Laura read him one of the Mamma Mu books that his aunt Anna gave him. It is in Swedish, so Anna wrote a translation to English that Laura reads, while Einar follows along in the book and looks at the wonderful illustrations. I was doing something else, so I got in at the end of the story, somewhere near the line "Maybe two hellicopters..." (no, I'm not going to explain other than that it is a story about a cow, a crow, and a slide.)

Anyway.

Laura left and I was alone with Einar. This is the time of day when his proficiency in verbal oratory explodes into full bloom. "Pappa, why is..." and then some interesting and insightful question that you find yourself answering before remembering that it is past talk-time and it is now sleep-time.

By the time you have started to explain that there are no more questions, he has already asked two or three more that you feel obliged to answer, if but briefly...[ha!]

I finally figured out a solution. These days I put earplugs in before I lay down next to him. When he talks, all I hear is "Mmmbbblllm mmmbbl bl?" and I answer "Einar, no more talking." This goes on ten to twenty times before his brain slows down enough that he notices that he isn't getting any real feedback.
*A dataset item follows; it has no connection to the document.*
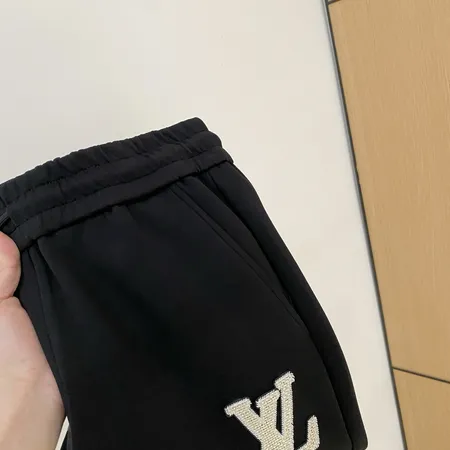 ルイヴィトン カジュアルパンツ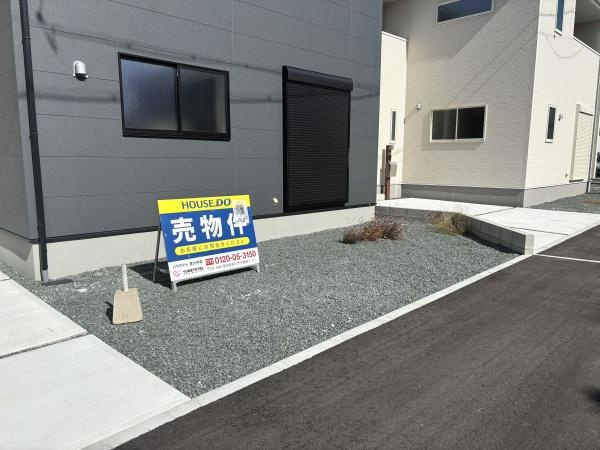 豊川市国府町豊成58期　全3棟・2号棟の庭|ウッドデッキやBBQ。想像が膨らむお庭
Then he moves on to talking to the stuffed animals, flailing arms and legs, getting a sip of water, taking a potty break, or any of the other delaying tactics a four year old is so skilled at. (Do they take classes? I don't remember us paying for any...)

Finally he is asleep and I get up to sneak out the door.

At this moment Einar turns, sits up, looks at me and says "Pappa, why are you leaving? Please stay!"

"Einar, you are asleep. Lie down."

"I'm not asleep!" he protests loudly, but he does lay down and closes his eyes.

I count to three, shakes his shoulder—asleep like a log—and I'm out of there in less than sixty seconds after he first sat up.

Parenthood does give you amazing abilities to judge the state of your child.

Sunday, September 19, 2004

Chicken? ... from chicken?!

I BBQ some chicken the other day. Everybody liked it and Einar (who appears to be in a growth-spurt again) gobbled his down in record time.

Later when he is clearing the table, he notices a tiny red spot on one of the chicken bones.

"What's that?" with a certain distancing in the tone of his voice indicating that he thinks he might have found something that is disgusting... like blood.

"Oh," I say, "that's just cooked hemoglobin, it was in the chickens blood, but now it is all cooked and there is no blood left, just the red of the hem."

There is a long pause. You can see the gears grinding, known facts looked up, the results computed, double checked, and the final answer reviewed since it is so startling.

To independent sets of information has finally been merged: (a) we sometimes eat a dish called "chicken", and (b) there is a cute type of bird called "chicken". The realization that the two different uses of "chicken" refers to the same thing is mind blowing. He doesn't doubt the truth of it, but the implications... wow!

"You mean we eat chicken?... from chicken?! Yuck!! That's Gross!!"